Estávamos às vésperas
da Copa do Mundo dos Estados Unidos, em que a Seleção Brasileira, desacreditada
pela crônica esportiva e pela torcida, buscaria quebrar um jejum de 24 anos sem
conquistas. A rigor, se a maldição existia, foi quebrada na oportunidade. Nossa
equipe desdobrou-se, fez das tripas coração e, declaradamente inspirada em
Ayrton Senna, conquistou o tão sonhado, posto que improvável, tetra.
Tornou-se uma espécie
de clichê a afirmação de que o “brasileiro é um, povo sem memória”. Discordo.

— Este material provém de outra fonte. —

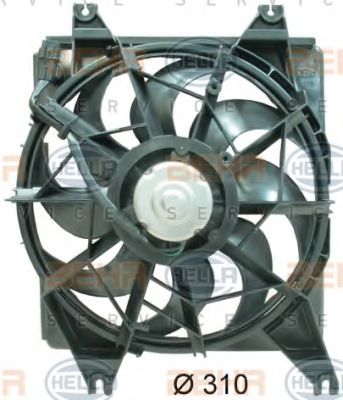 BEHR HELLA SERVICE 8EW351034671 Вентилятор системы охлаждения двигателя для HYUNDAI ACCENT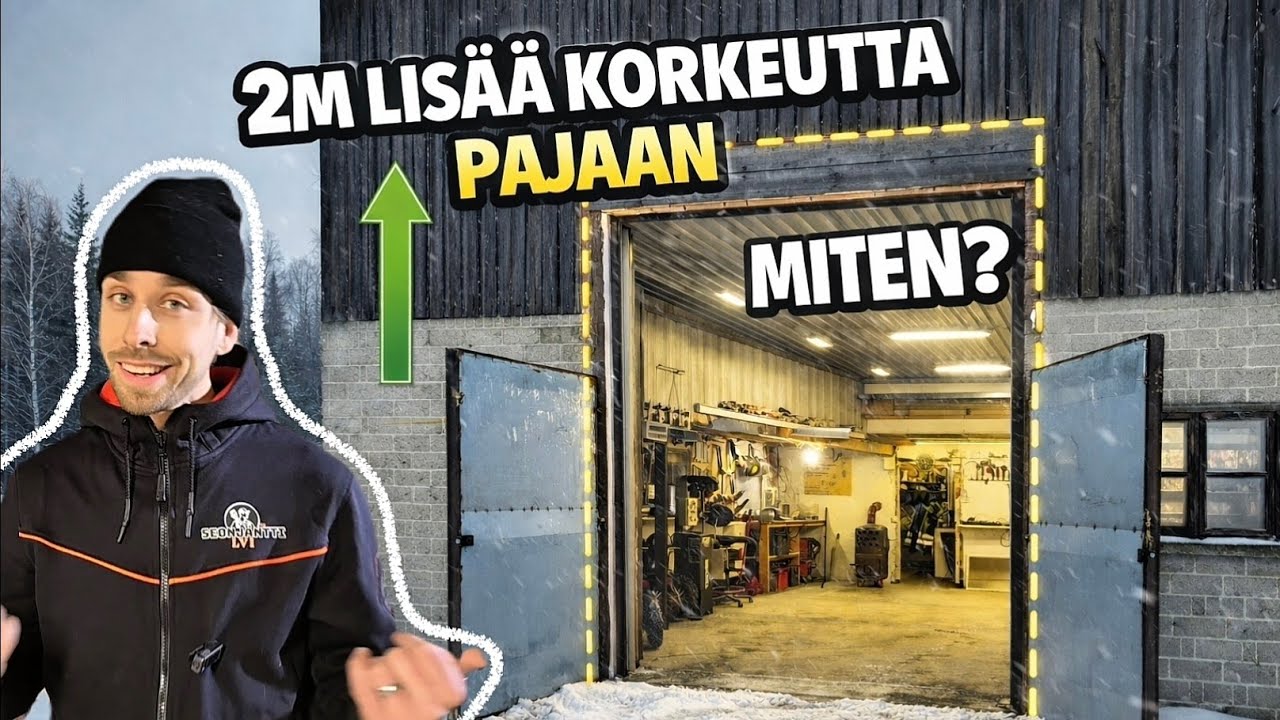 Tallin korotus isommille koneille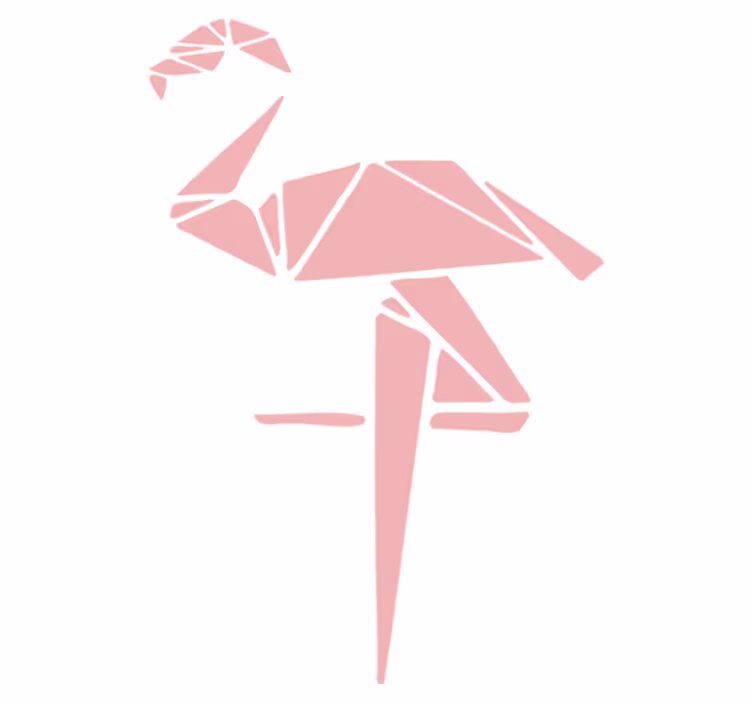 Tappeto vinile animali design elegante fenicottero - TenStickers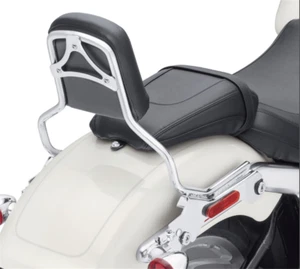 Dossier passager SissyBar vertical standard chromé pour Harley Fat Boy 2018-2020 - Photo 1/10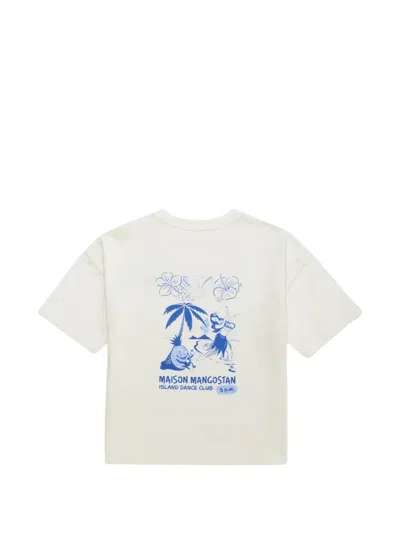 Maison Mangostan Hula T-shirt In Neutral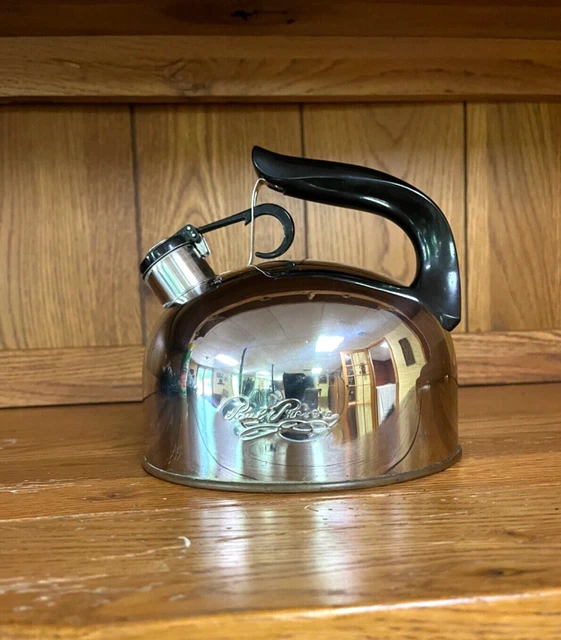 VINTAGE 1801 PAUL Revere Ware Whistling Tea Kettle Pot Copper Bottom 2.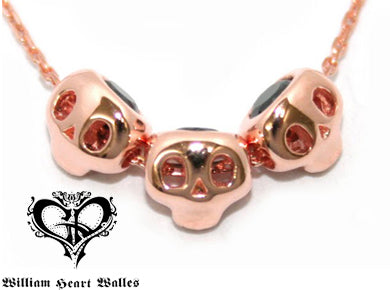Sally Skull Necklace シルバー ペンダント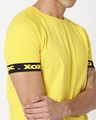 Shop Yolo Yellow Sleeve Tape Half Sleeve T-Shirt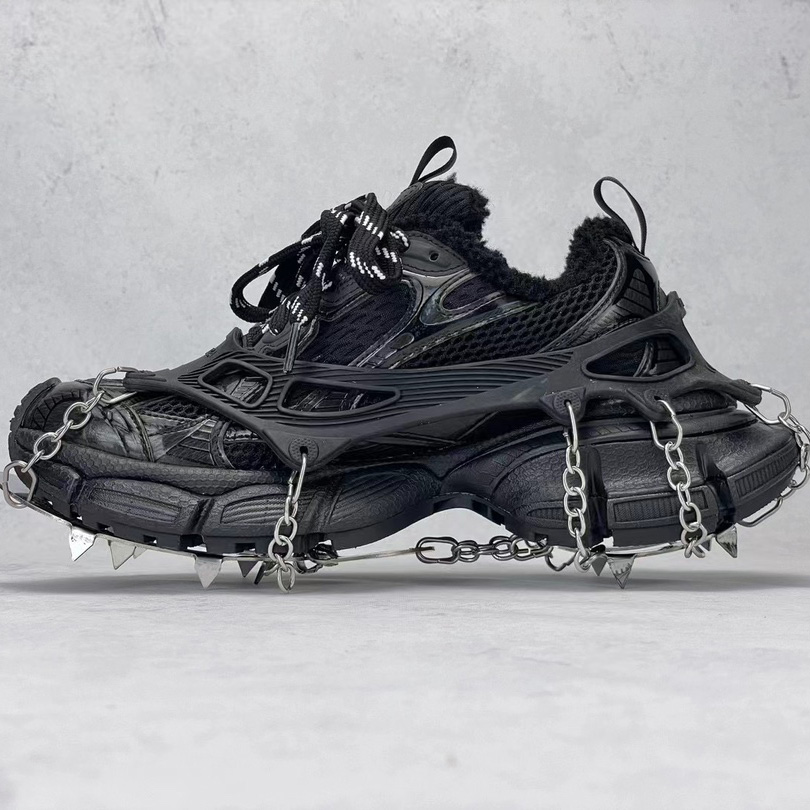 Balenciaga 3XL Ski Sneaker In Black  - DesignerGu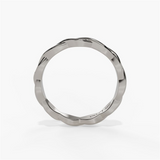 14K White Gold Twist Band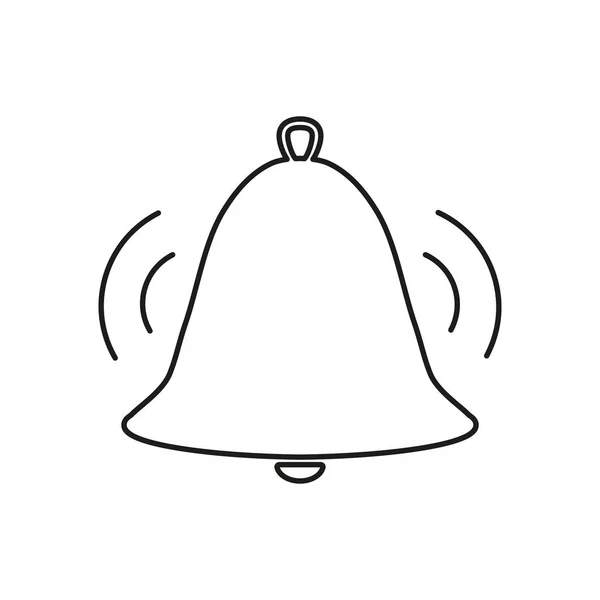 Bell icono de voz — Vector de stock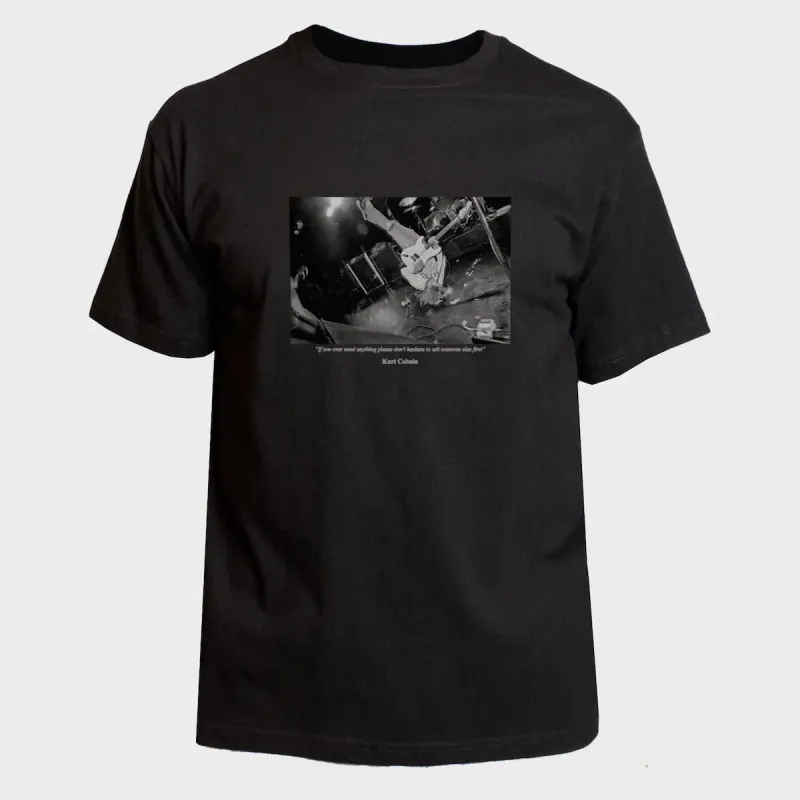 KURT 1990 - T-SHIRT - BLACK sold by NNARA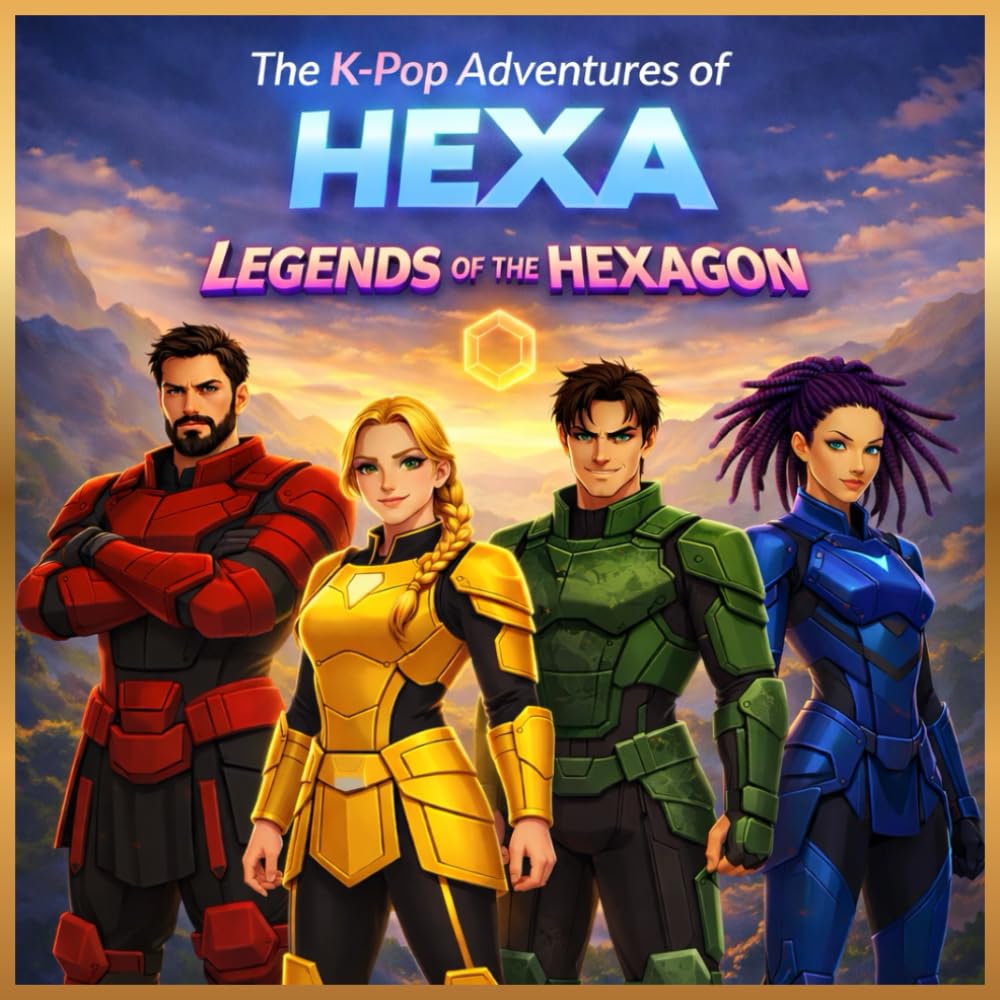 The K-Pop Adventures of HEXA: Legends of the Hexagon: A K-Pop Graphic Novel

Trata-se de estúpida generalização que não condiz com a verdade. Não, pelo
menos, com toda ela. O que o brasileiro tem é memória seletiva. Lembra do que
acha que deva ser lembrado e com inusitada intensidade. Prova? Ora, é este 1°
de maio, que deixou de ser, para a imensa maioria, o “Dia do Trabalho”, para se
transformar no “Dia de Ayrton Senna”. A propósito, após a morte do nosso herói
das pistas perdi, por completo, todo o interesse que tinha pela Fórmula 1, que
hoje acho chatíssima e cujas transmissões nunca mais assisti.